Using PySpark on a cluster requires all cluster nodes to have those Python packages installed that are required by the PySpark job. Such a deployment can be cumbersome, especially when running in an interactive notebook.
The spark-extension
package allows installing Python packages programmatically by the PySpark application itself (PySpark ≥ 3.1.0).
These packages are only accessible by that PySpark application, and they are removed on calling spark.stop()
.
Either install the spark-extension
Maven package, or the pyspark-extension
PyPi package (on the driver only),
as described here.
Python packages can be installed with pip
as follows:
# noinspection PyUnresolvedReferences
from gresearch.spark import *
spark.install_pip_package("pandas", "pyarrow")
Above example installs PIP packages pandas
and pyarrow
via pip
. Method install_pip_package
takes any pip
command line argument:
# install packages with version specs
spark.install_pip_package("pandas==1.4.3", "pyarrow~=8.0.0")
# install packages from package sources (e.g. git clone https://github.com/pandas-dev/pandas.git)
spark.install_pip_package("./pandas/")
# install packages from git repo
spark.install_pip_package("git+https://github.com/pandas-dev/pandas.git@main")

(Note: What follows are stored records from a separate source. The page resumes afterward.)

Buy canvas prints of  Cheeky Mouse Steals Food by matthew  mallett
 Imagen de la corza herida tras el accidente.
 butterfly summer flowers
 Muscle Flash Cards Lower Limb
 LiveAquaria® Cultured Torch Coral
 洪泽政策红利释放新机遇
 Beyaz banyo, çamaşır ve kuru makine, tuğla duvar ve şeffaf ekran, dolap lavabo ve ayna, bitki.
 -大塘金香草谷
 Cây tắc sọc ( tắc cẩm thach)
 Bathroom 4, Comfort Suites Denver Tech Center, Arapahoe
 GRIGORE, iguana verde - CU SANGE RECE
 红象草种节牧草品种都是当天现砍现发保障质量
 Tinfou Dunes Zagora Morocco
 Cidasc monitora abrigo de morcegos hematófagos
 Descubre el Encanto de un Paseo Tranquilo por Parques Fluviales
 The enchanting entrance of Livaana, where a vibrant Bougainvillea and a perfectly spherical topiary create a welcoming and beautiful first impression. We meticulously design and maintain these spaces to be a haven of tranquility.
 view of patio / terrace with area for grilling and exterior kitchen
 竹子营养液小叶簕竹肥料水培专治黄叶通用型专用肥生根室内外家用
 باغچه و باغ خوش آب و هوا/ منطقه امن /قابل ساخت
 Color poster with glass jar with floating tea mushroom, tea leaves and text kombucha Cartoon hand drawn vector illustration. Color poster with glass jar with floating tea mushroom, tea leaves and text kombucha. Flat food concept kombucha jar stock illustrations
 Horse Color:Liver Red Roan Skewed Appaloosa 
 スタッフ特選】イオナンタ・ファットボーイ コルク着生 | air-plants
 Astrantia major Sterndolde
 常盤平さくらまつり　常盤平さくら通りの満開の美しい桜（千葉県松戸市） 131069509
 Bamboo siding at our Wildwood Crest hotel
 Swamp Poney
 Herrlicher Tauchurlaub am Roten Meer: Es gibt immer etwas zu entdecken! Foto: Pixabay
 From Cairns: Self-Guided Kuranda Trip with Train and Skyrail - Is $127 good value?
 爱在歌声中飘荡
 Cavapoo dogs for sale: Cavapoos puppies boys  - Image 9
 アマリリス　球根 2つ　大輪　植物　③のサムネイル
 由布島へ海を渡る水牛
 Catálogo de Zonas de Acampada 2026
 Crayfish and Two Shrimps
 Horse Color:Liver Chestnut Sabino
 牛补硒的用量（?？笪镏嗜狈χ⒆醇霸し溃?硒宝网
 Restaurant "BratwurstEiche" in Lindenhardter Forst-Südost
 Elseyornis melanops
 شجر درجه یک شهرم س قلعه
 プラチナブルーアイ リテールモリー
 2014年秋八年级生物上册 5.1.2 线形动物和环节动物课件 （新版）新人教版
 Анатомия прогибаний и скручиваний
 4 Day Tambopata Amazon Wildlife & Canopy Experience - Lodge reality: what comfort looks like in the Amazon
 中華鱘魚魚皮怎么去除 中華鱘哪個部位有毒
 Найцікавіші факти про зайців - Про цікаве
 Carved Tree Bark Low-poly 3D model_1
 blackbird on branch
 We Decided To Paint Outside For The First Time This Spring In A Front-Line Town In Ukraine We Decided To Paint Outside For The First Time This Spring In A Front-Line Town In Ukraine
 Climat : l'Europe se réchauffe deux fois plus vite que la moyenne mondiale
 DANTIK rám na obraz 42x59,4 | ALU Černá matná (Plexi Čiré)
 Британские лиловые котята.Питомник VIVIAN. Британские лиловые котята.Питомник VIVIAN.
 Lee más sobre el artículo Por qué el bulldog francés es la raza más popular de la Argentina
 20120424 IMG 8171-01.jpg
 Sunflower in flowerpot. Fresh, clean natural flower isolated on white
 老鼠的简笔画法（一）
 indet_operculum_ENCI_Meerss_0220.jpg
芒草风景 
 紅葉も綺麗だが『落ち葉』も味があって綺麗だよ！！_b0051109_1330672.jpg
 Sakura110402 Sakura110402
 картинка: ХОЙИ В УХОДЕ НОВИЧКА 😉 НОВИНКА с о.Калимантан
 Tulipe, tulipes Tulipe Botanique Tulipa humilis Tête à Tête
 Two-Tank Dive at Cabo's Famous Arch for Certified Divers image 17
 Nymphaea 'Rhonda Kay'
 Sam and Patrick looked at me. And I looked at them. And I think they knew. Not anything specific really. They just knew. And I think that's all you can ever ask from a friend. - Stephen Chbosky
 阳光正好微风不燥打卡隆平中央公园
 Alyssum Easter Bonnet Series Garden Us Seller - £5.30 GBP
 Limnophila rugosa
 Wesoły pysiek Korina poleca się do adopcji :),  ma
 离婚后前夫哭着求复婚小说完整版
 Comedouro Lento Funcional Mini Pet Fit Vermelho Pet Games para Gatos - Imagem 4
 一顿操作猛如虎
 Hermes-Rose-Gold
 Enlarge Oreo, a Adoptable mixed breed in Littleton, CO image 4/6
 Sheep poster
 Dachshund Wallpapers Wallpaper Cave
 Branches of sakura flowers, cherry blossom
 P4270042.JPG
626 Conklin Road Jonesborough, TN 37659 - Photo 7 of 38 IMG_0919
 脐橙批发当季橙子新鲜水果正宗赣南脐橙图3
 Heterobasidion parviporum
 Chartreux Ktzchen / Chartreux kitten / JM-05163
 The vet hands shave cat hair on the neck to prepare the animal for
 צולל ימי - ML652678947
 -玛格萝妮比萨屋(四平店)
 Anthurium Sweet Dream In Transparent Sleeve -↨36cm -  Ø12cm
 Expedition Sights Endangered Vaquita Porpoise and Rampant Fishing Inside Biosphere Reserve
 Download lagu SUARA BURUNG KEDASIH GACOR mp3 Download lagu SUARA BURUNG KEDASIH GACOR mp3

# use a pip cache directory to cache downloaded and built whl files
spark.install_pip_package("pandas", "pyarrow", "--cache-dir", "/home/user/.cache/pip")
# use an alternative index url (other than https://pypi.org/simple)
spark.install_pip_package("pandas", "pyarrow", "--index-url", "https://artifacts.company.com/pypi/simple")
# install pip packages quietly (only disables output of PIP)
spark.install_pip_package("pandas", "pyarrow", "--quiet")
Python projects can be installed from sources, including their dependencies, using Poetry:
# noinspection PyUnresolvedReferences
from gresearch.spark import *
spark.install_poetry_project("../my-poetry-project/", poetry_python="../venv-poetry/bin/python")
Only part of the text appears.